Sue Wong is a K.L. marketing executive. She described the competition among the malls as “friendly, but intense.” Wong added that “public expectations of the atmosphere in the malls during the Chinese New Year holidays have grown over the past few years and the malls’ visual marketing teams have responded by introducing interactive decorations like lion dances, acrobats, and musical performances.”
Last Year Pavillion Mall gained bragging rights when its 9.1 metre Golden Goat became the “biggest goat replica” according to the Malaysia Book of Records. This year Suria KLCC boasted on Twitter: “It’s official: our lantern is the tallest outdoor Chinese lantern with a steel structure, as certified by the Malaysia Book of Records!”
Pavilion Mall is inviting visitors to “behold the sight of the Auspicious Golden Monkey, standing 30 feet tall on a mountain of gold and fortune. Toss a coin into the mountain and be bestowed with good luck and fortune throughout the year.”
Kuala Lumpur is a city that embraces celebrations and the ethnically mixed population is always keen for a festival.
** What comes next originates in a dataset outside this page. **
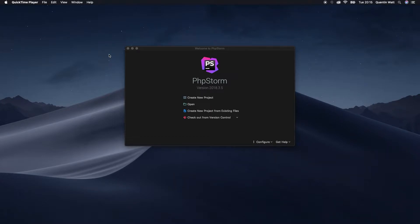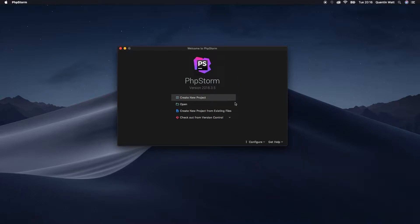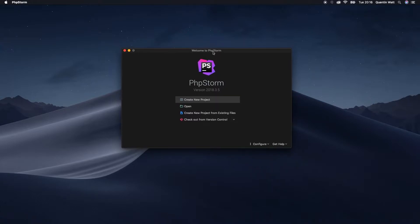Now let's talk about IDEs and text editors. I know a lot of you are probably thinking we've made it this far into the tutorial series and we're only talking about IDEs and text editors now. As you can see, I make use of PhpStorm, which is kind of expensive software — around $80, or close to $200 if you're using a commercial license. Most of you might not want to spend that much money, but I find that PhpStorm works great out of the box.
Jason Lee, a K.L. taxi driver put it this way “we all celebrate each other’s holidays here – Christmas, Hari Raya, Deepavali, Chinese New Year, it’s all the same. K.L. just loves a party.”
The city moves seamlessly from one celebration to another. This year, the taking-down of Christmas trees and the putting-up of Chinese New Year lanterns seemed to be a synchronized operation.
Over 40 per cent of people in Greater Kuala Lumpur are Ethnic Chinese, so the annual celebration of the Lunar New Year is culturally significant to many city residents and just great fun for everyone else.